I decided to use GPU to debug and get an idea of how much memory is used. I tried adafactor, and float16, and the memory saving seem small. (I used XLA_PYTHON_CLIENT_ALLOCATOR=platform, XLA_PYTHON_CLIENT_PREALLOCATE=false so I can see the actual usage.)

  • How does float16/bfloat16 works? I printed the params and it’s float32, is it expected behavior?
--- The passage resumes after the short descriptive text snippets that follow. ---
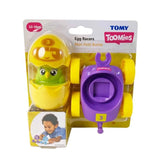 Tomy Toomies Yarışcı Yumurtalar - Sarı 73088 | Toysall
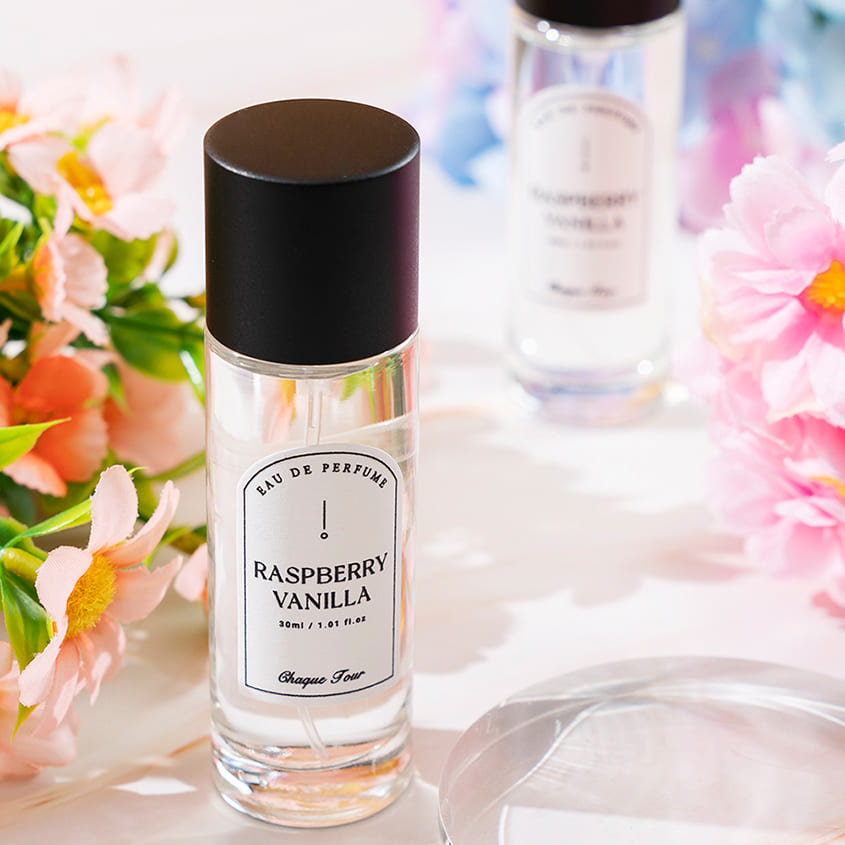 CHAQUE JOUR RASPBERRY VANILLA EAU DE PERFUME 30ML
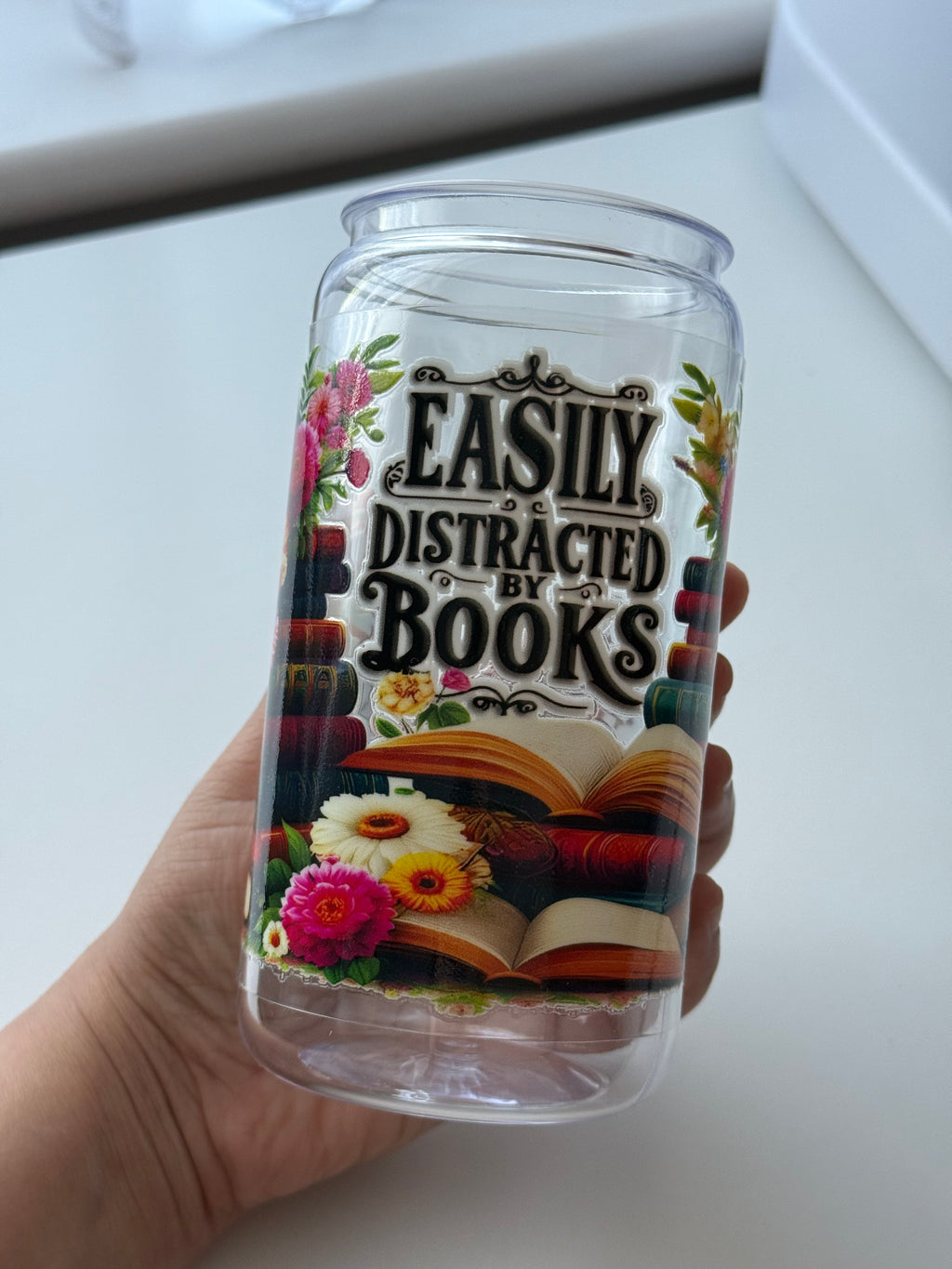 Books Decal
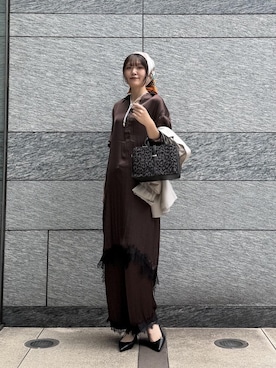 「ルクールブラン」｜soraさん（レディース・167cm）の秋コーディネート
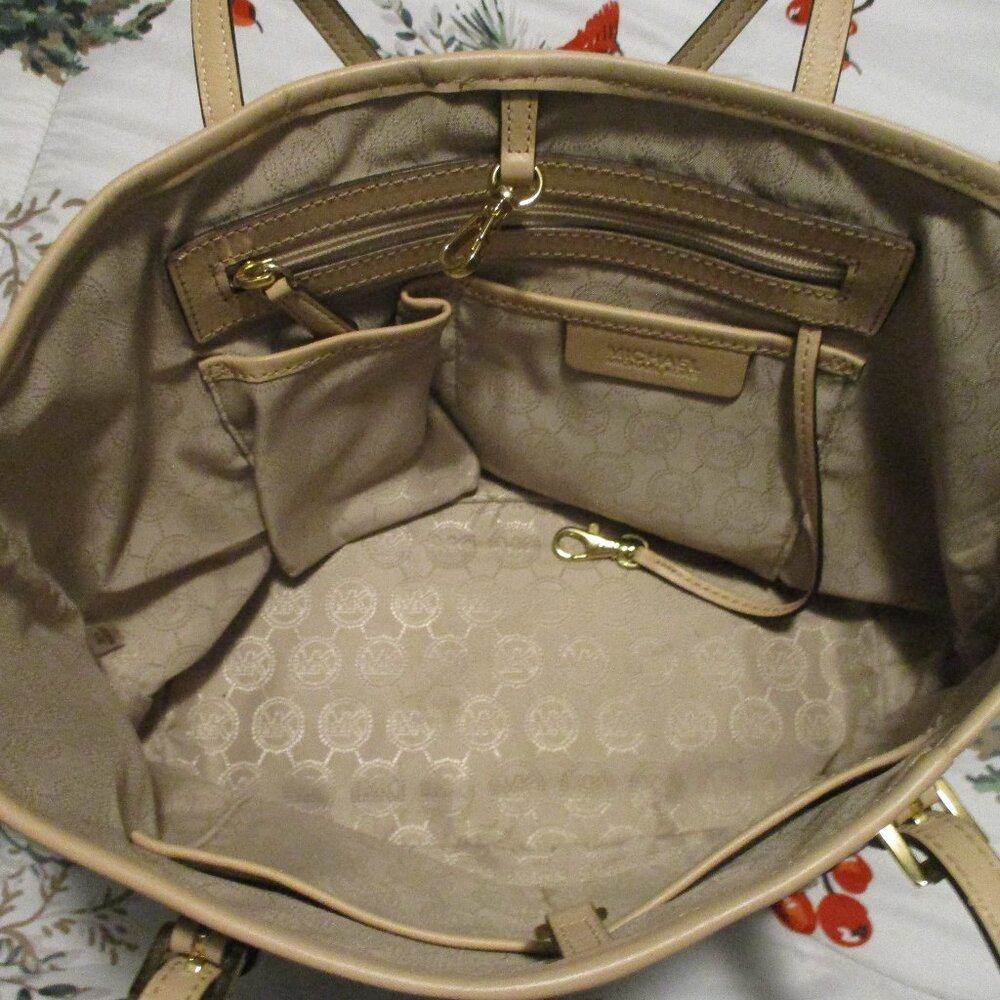 Authentic Michael Kors Zebra Print Purse - image 7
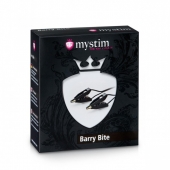 Электрические зажимы на соски Barry Bite - MyStim - купить с доставкой в Кемерово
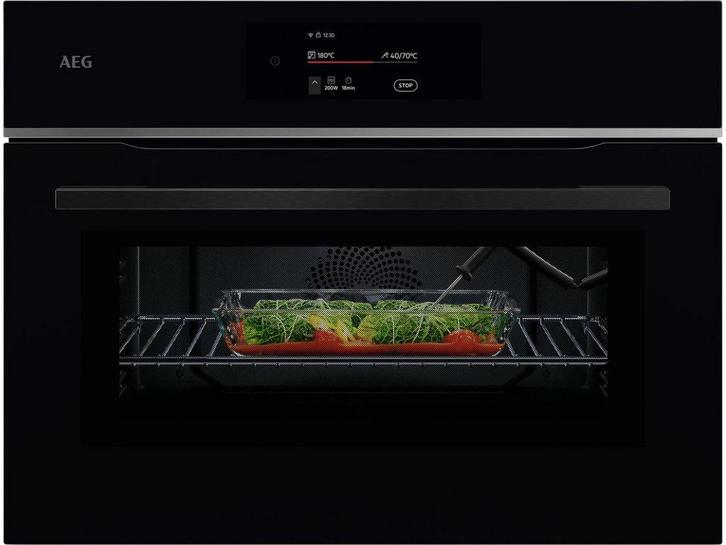 AEG TK8NK72WB - Inbouwoven - Heteluchtoven met magnetron en, Witgoed en Apparatuur, Magnetrons, Zo goed als nieuw, Verzenden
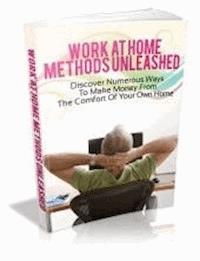 Work At Home Methods Unleashed - Ouvrage Collectif - E-Book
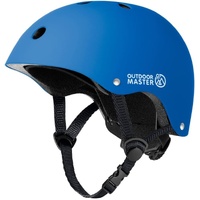 OutdoorMaster Youth & Kids Bike Helmet - Adjustable Multi-Sports Skateboard Helmet with Removable Liners for Balance Bike, Toddler Scooter, One Wheel 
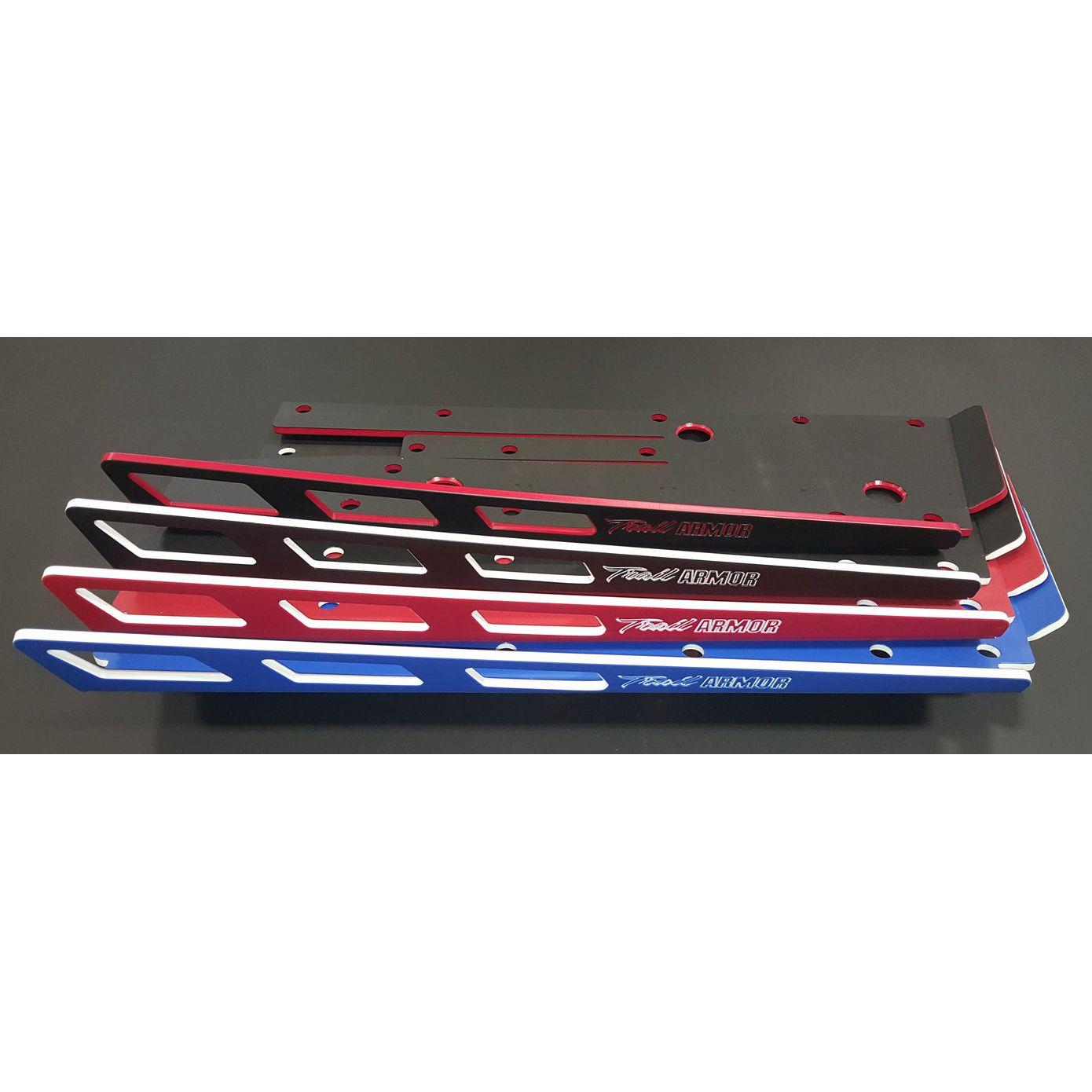 Kawasaki KRX 4 Full Skid Plate with Integrated Sliders | Trail Armor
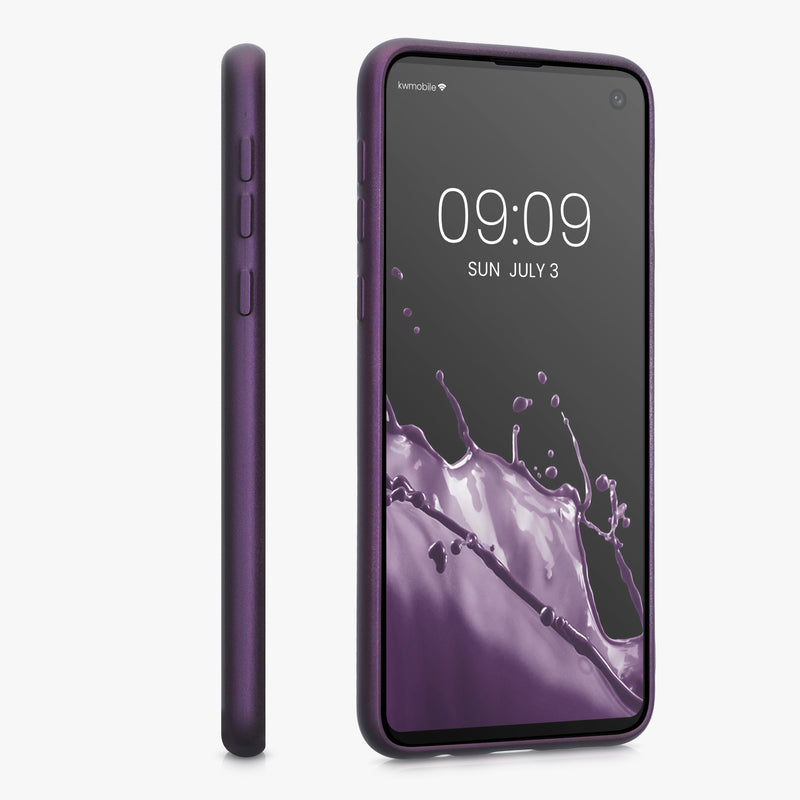kwmobile Handyhülle für Samsung Galaxy S10e Hülle - Silikon Case Schutzhülle Cover
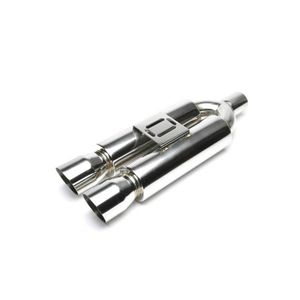 Silencieux D'échappement Universel 65x115 Mm - Marque TA-Technix, Pour Réseau, Neuf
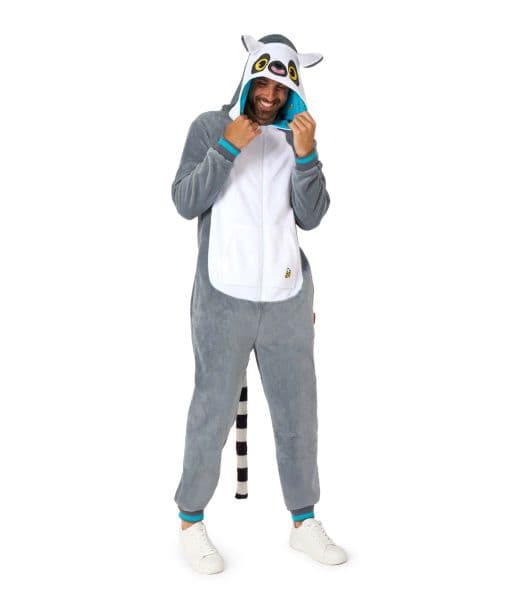 Lemur onesie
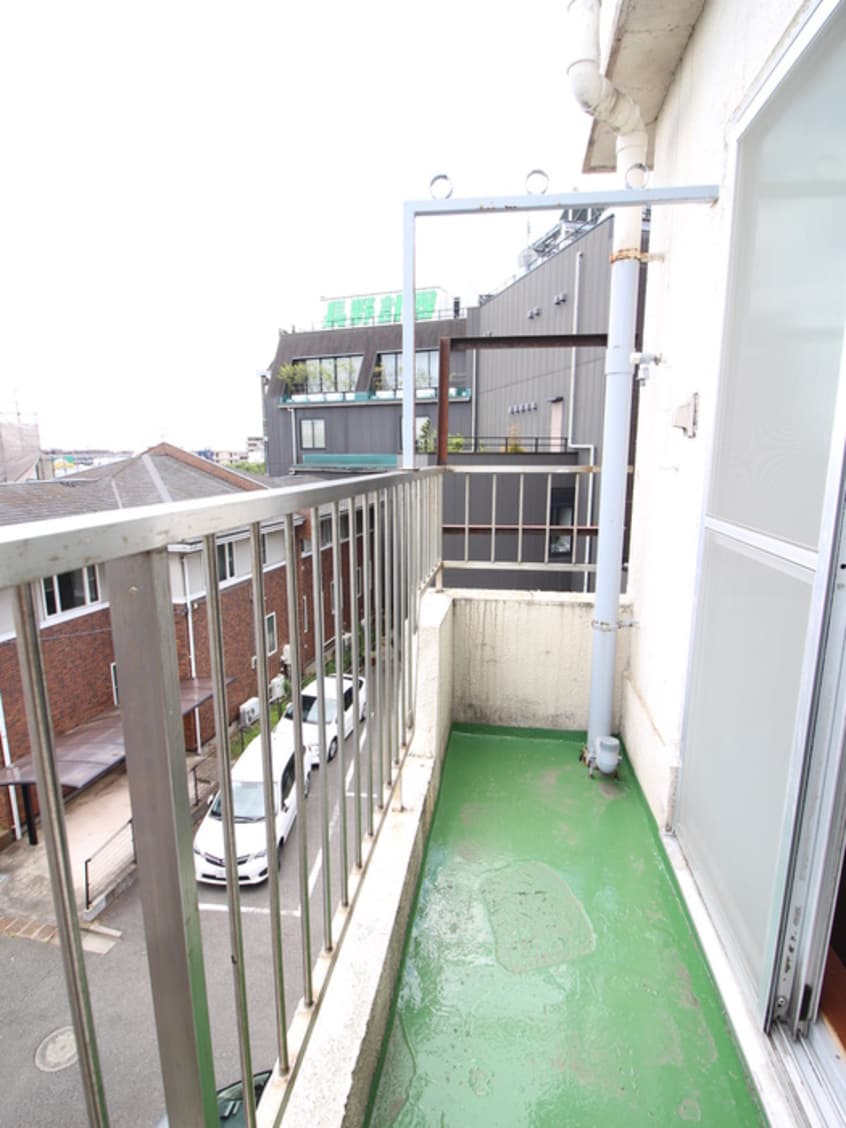 ベランダ・バルコニー マンション美和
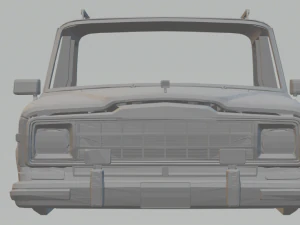 jeep grand wagoneer 3D Print Model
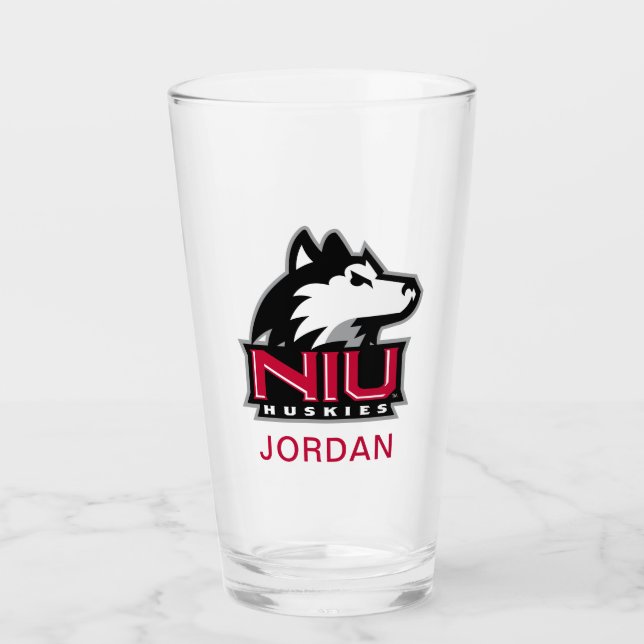 NIU Huskies Wordmark (Anverso)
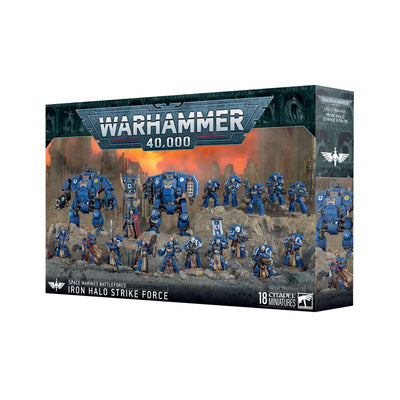 WARHAMMER 40000: SPACE MARINES IRON HALO STRIKE FORCE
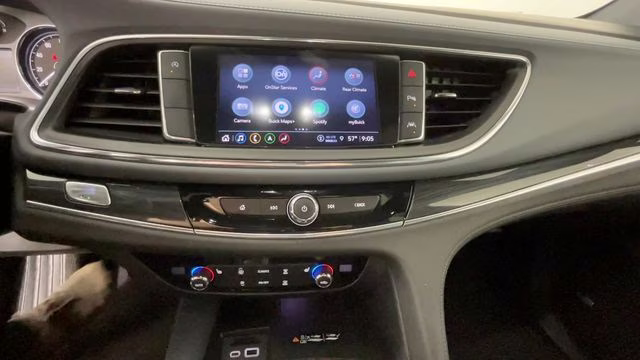 2022 Ebony Twilight Metallic Buick Enclave Essence FWD SUV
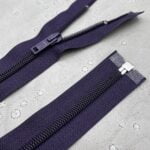 Spírallás (20cm - dökkfjólublár)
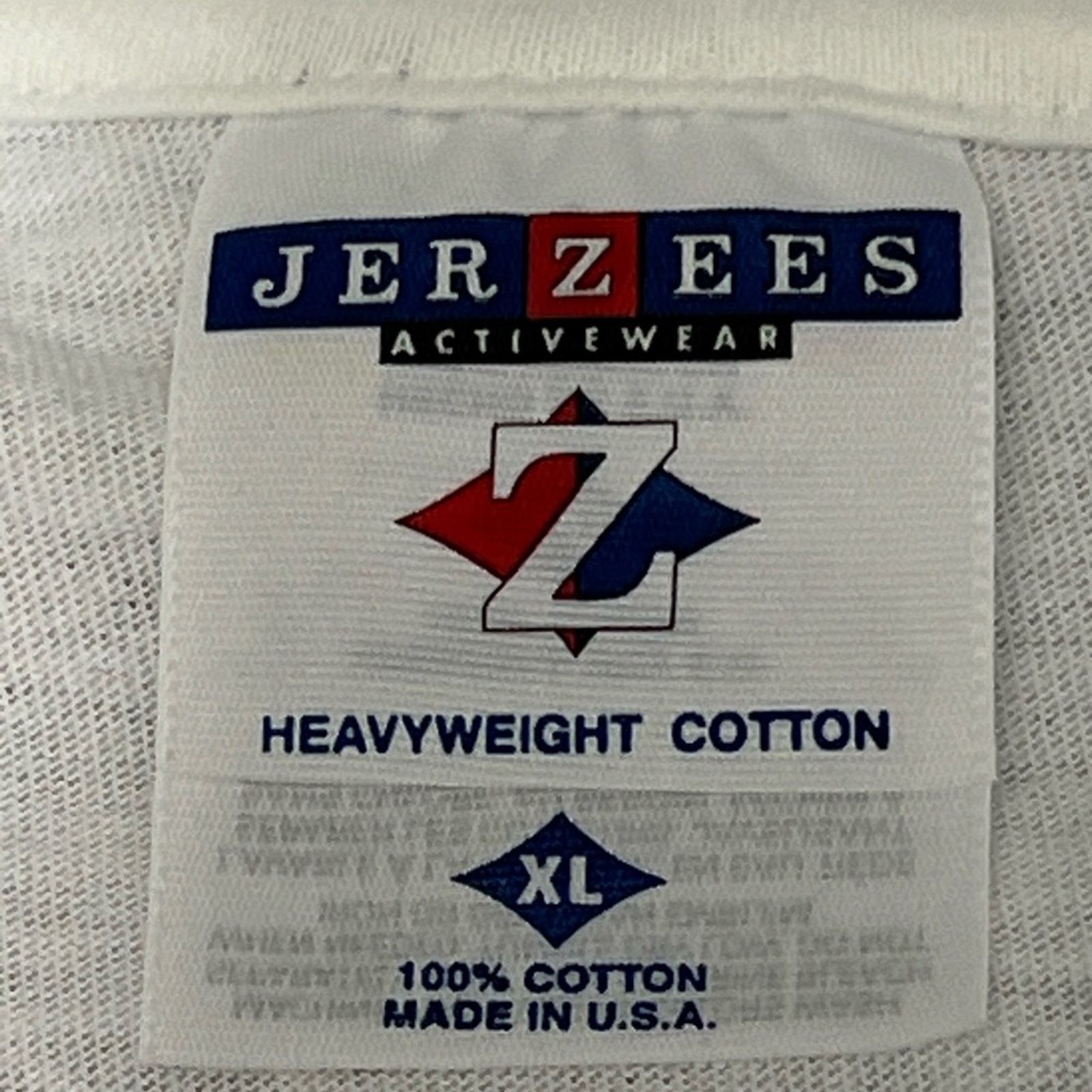 Jerzees Vintage JOHN FORCE 1997 NHRA RACING Made in USA Shirt NEW Size US XL / EU 56 / 4 - 6 Thumbnail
Here is the code:
import jax.numpy as jnp
from transformers import FlaxT5ForConditionalGeneration, AutoConfig
import jax

config = AutoConfig.from_pretrained('t5-base')
model = FlaxT5ForConditionalGeneration(config, seed=0, dtype=jnp.float16)
print(jax.tree_map(lambda x: x.dtype, model.params))

output: (trimmed)

{'decoder': {'block': {'0': {'layer': {'0': {'SelfAttention': {'k': {'kernel': dtype('float32')},
       'o': {'kernel': dtype('float32')},
       'q': {'kernel': dtype('float32')},
       'relative_attention_bias': {'embedding': dtype('float32')},
  • another float16/bfloat16 question: In the google t5x (flax t5) code, there is this line:
    if use_bfloat16:
      grad = jax.tree_map(lambda x: x.astype(jnp.bfloat16), grad)

But huggingface example doesn’t have this line, which one is “correct”? Is there a difference?

  • another question is related to training speed: I am training t5-base, with per_device_batch_size=16, which means batch_size=16*8=128 and max_seq_len=512 (same as t5 paper) and t5 paper trains 524,288 steps, my progress bar says it would take 8 days for that many steps, is this good?
1 Like

A quick note on reduced precision training:

Params are typically still stored in float32. But some intermediate computations can be done in bfloat16. Most standard Flax modules have a dtype attribute, that you can set to bfloat16 to compute the safe parts in reduced precision.

1 Like